Mon Dec 4th through Sat the 9th, 2017 at Long Beach Convention Center
This paper presents a CNN architecture suitable for fitting neural data from visual cortices where the same features are repeated at many locations in the visual field. The method replaces the standard fully connected layer at the end of deep CNNs with a sparse factorized layer that explains each neuron’s response in terms of a location and a ‘cell type’. A progression of more complex experiments on simulated data show that the system can correctly recover neural RFs with fewer samples. Finally, the approach is applied to calcium imaging data from mouse primary visual cortex, where it improves on the state of the art by 10%.
This paper presents a promising approach to neural system identification. The main architectural innovation, the factorization of the densely connected layer into sparse what and where components, is well-motivated neurally and could see widespread use in the future.
The experiments are done to an extremely high standard, and convincingly show that the proposed approach can recover correct response mappings on challenging datasets. The visual cortex results, for instance, contain a true test set which the model will be evaluated on only after review. This is a model of rigorous methodology.
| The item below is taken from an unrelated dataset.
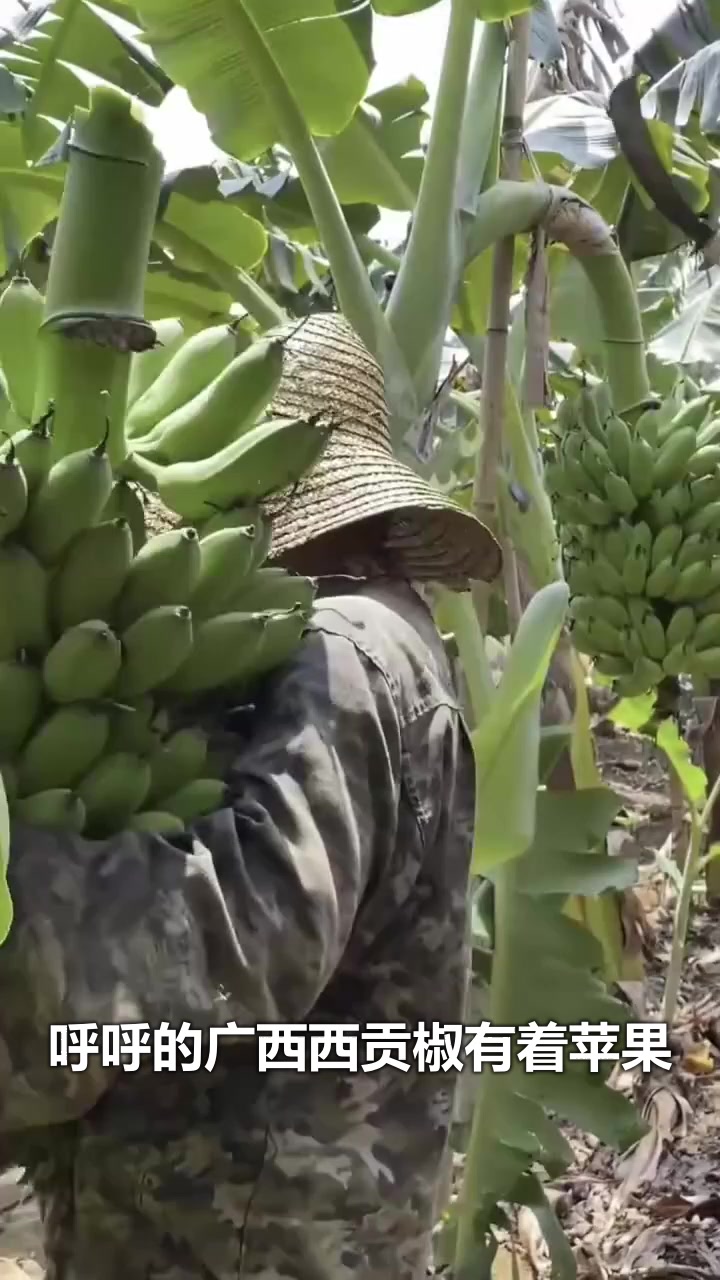 广西苹果蕉可以做水果沙拉吗?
The paper also reports a variety of small tricks that may also be valuable to practitioners, such as their weight initialization scheme based on spike triggered averages.
The main idea describes in this paper is to exploit a key property of the organization of neurons in our visual cortex to improve the fitting of CCNs to neural data. The main idea is to apply a mask over space and features on the output of feature maps is a good one.o This allows to exploit the convolutional component of the architecture and lower the sample complexity of the fitting procedure. In general, the experiments are carried out well and the paper is technically sound. My main criticism of this paper is that the overall contribution of the paper remains relatively limited. It is likely that the approach will constitute an important technical contribution as part of a larger study but by itself, the significance of the approach remains too limited to justify publication.
Minor point: spike-triggered covariance is a method, not a model (see pp. 1)
I am no expert in this field, so right now I can not fully judge on the potential impact of the paper at hand in this field of science.
So first I want to ask a few clarifying questions to the authors to give me a clearer picture. I will also give a preliminary judgement at the end.
34-47: I think it should be mentioned that using more expressive models such like CNNs will come at a cost. Simple models such as GLMs are very interpretable, it also easier to argue for biological plausibility than with neural network trained by backpropagation.
I do agree with your point about:"Thus, we should be able to learn much more complex nonlinear functions by combining data from many neurons and learning a common feature space from which we can linearly predict the activity of each neuron."
The approaches of McIntosh et al. and Batty et al.  seem to be the most similar to yours. What were the practical and theoretical reasons for not comparing to them in your experiments?
3 Learning a common feature space
This section describes a well-known insight from transfer learning in ML. Maybe establishing a link here is useful as you use a ML technique for a neuroscience application.
5 Learning non-linear feature spaces
Is this comparison to GLMs fair? Your proposed architecture seems to share a lot of properties with the ground truth (such as convolutional layers).
5.2 Application to data from primary visual cortex
It seems you needed to make a few modifications to your architecture. Can you respond to a possible çritique that says your approach only works better because you have more degrees of freedom to adjust hyperparameters to a given task? Without these adjustments, were you still able to improve over previous state of the art?
The paper is well written and my initial impression is that this is a good contribution. The intuition to combining data from many neurons and learning a common feature space is intuitive and appears straightforward. I can't fully judge if this is novel or incremental, compared to the works of McIntosh et al. and Batty et al. and I have some open questions with regards to the experiments.